WHAT THIS TASK INVOLVES
Please write out only the lines from the line with "Really appreciate it, guys." to the line with "It's a cool", inclusive, exactly as they stand below, without the pictures.

↓↓↓

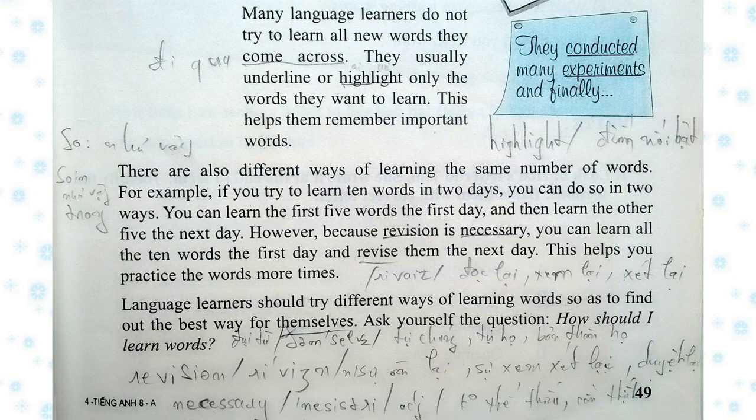There are also different ways of learning the same number of words. For example, if you try to learn ten words in two days, you can do so in two ways. You can learn the first five words the first day and then learn the other five the next day. However, because revision is necessary, you can learn all ten words the first day and revise them the next day. This helps you practice the words more times.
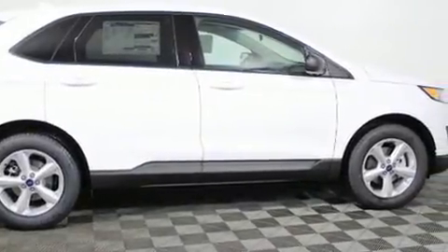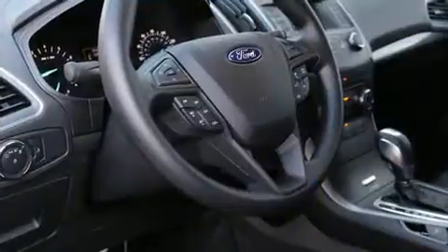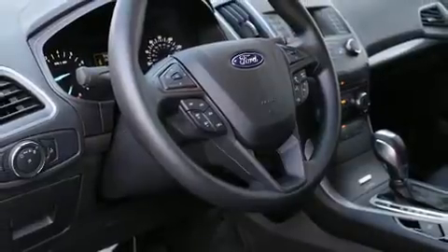Ford prioritized comfort and style by including an outside temperature display, remote keyless entry, and a split-folding rear seat. Premium sound drives six speakers, providing you and your passengers a sensational audio experience.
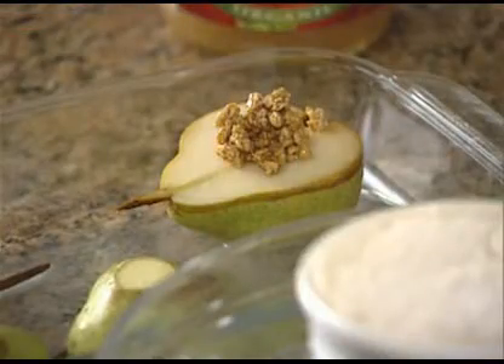You place the pear back in the dish. Pears are wonderful, and the whole grains in granola give it a roundness and filling-ness a lot of desserts don't have. In fact, this dessert actually has four grams of fiber per serving.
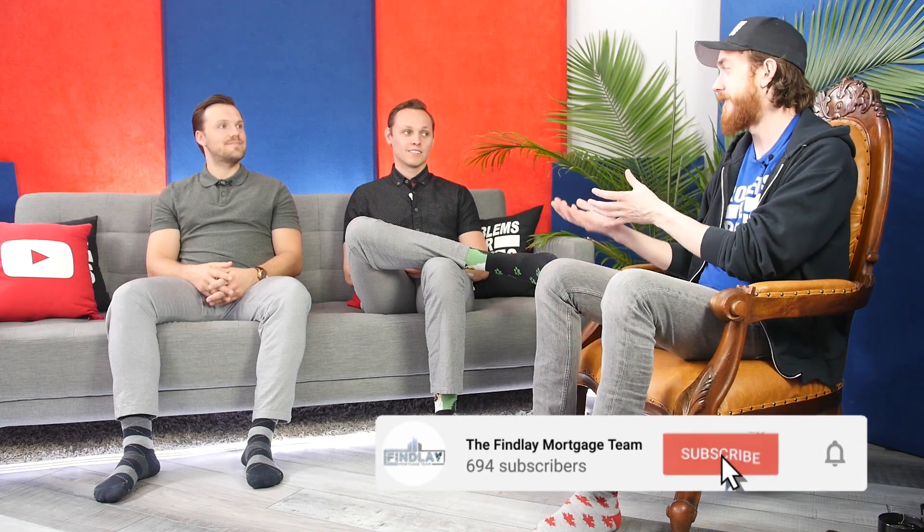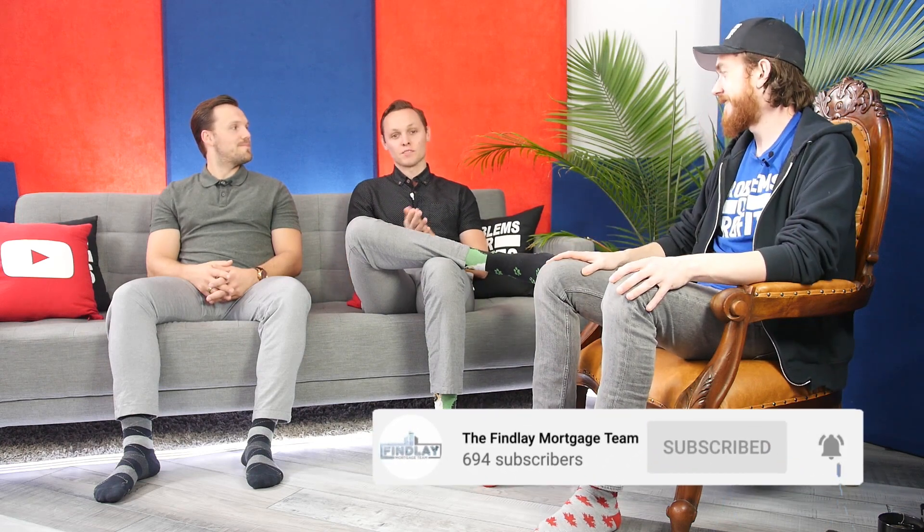Really appreciate it, guys. If you want to learn more about this, we'll have a link to their contact information in the video description down below. The Findlay guys also have their own YouTube channel and are pushing out a bunch of content this year, so if you don't follow them already, go follow them and hit the subscribe button. Thanks guys.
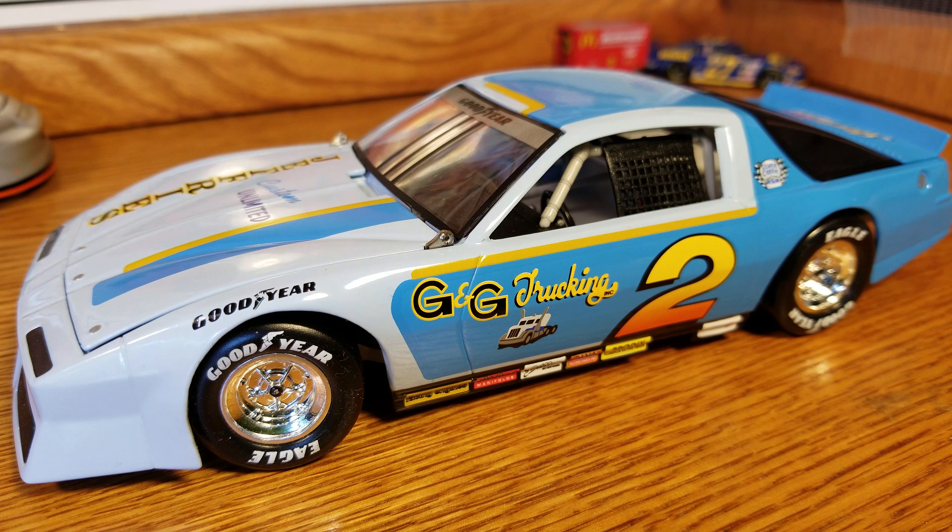It's a cool car and especially neat for someone who collects this series. I've gotten to see quite a few of them — the Alan Kulwicki cars, Mark Martins, Dale Earnhardt Jr. had a couple. I've got two more: a Darrell Waltrip and a Tim Richmond, both Pepsi schemes. I'll get to those in a bit. There are also a couple of Rusty Wallaces in there, so it's been really neat to see quite a few of them.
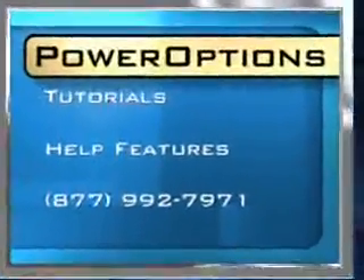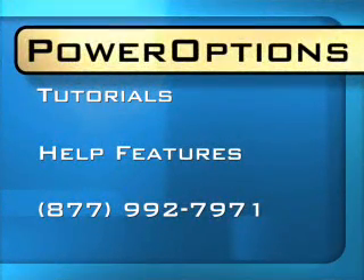The best part is that if you ever need help, PowerOptions offers free tutorials, help features, and most importantly a toll-free number to support investors of any level.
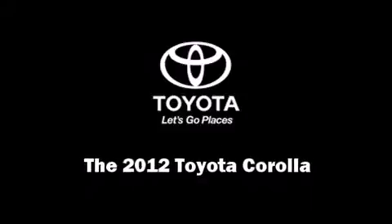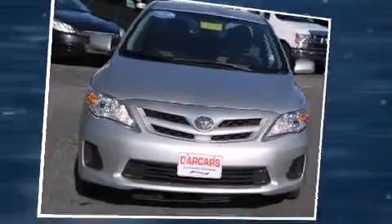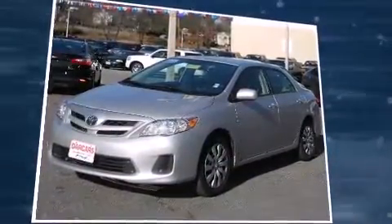Introducing the 2012 Toyota Corolla. With less than 40,000 miles on the odometer, this four-door sedan prioritizes comfort, safety, and convenience.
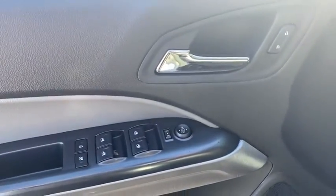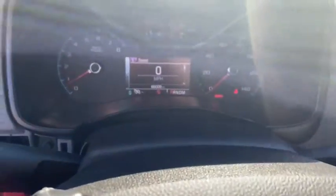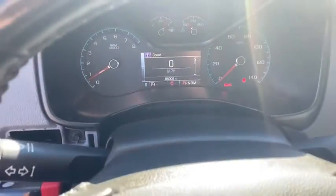Overhead console, remote keyless entry, panic alarm, power driver's seat, front bucket seat, cloth seat trim, driver vanity mirror, front reading lamp.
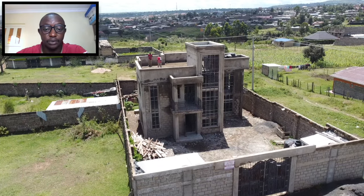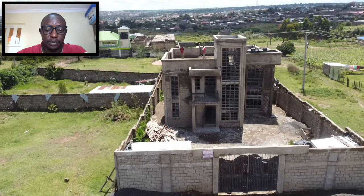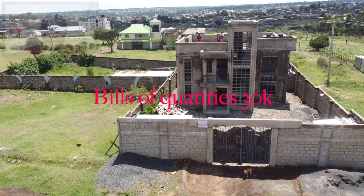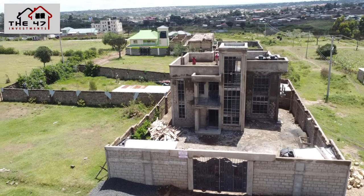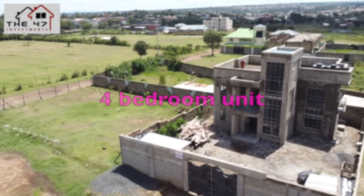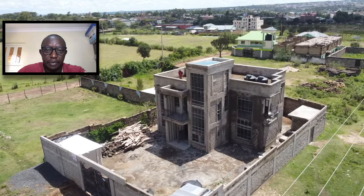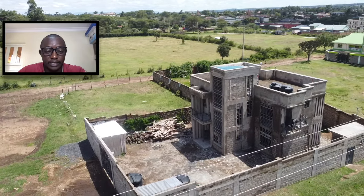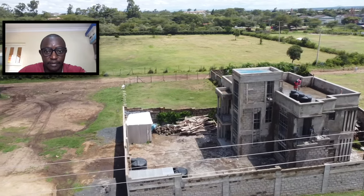This particular project we intend to hand over in the next two months, due to the rains that are happening across the country. This particular project is a four-bedroom unit, 197 square meters, constructed and designed on a piece of land that is 50 feet by 100 feet.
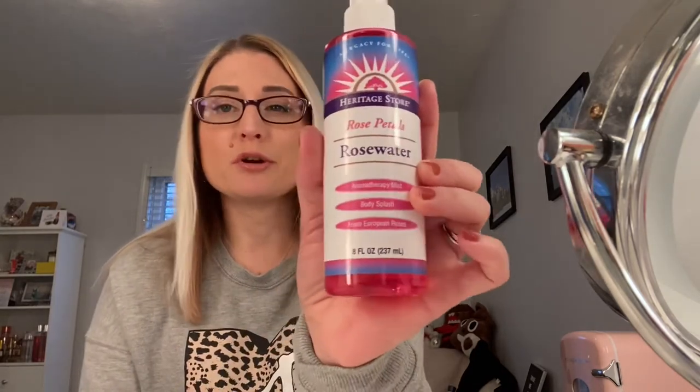Let's start off with the first product that I repurchased. This is the Heritage Store Rose Petals Rose Water. I was hoping to purchase the toner, but they were out of it at my local Target, and the only other store that sells this close to me is not anywhere close to me. This is a repurchase — this is the eight fluid ounce bottle. I was trying out a little mini size for a while, really liked it. I just really like it as a setting spray, sometimes a refreshing spray, just something to mist on your face that feels nice and cool. I'm thinking about putting this in my beauty fridge.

↑↑↑

SOLUTION
Really appreciate it, guys. If you want to learn more about this, we'll have a link to their contact information in the video description down below. The Findlay guys also have their own YouTube channel and are pushing out a bunch of content this year, so if you don't follow them already, go follow them and hit the subscribe button. Thanks guys.
It's a cool car and especially neat for someone who collects this series. I've gotten to see quite a few of them — the Alan Kulwicki cars, Mark Martins, Dale Earnhardt Jr. had a couple. I've got two more: a Darrell Waltrip and a Tim Richmond, both Pepsi schemes. I'll get to those in a bit. There are also a couple of Rusty Wallaces in there, so it's been really neat to see quite a few of them.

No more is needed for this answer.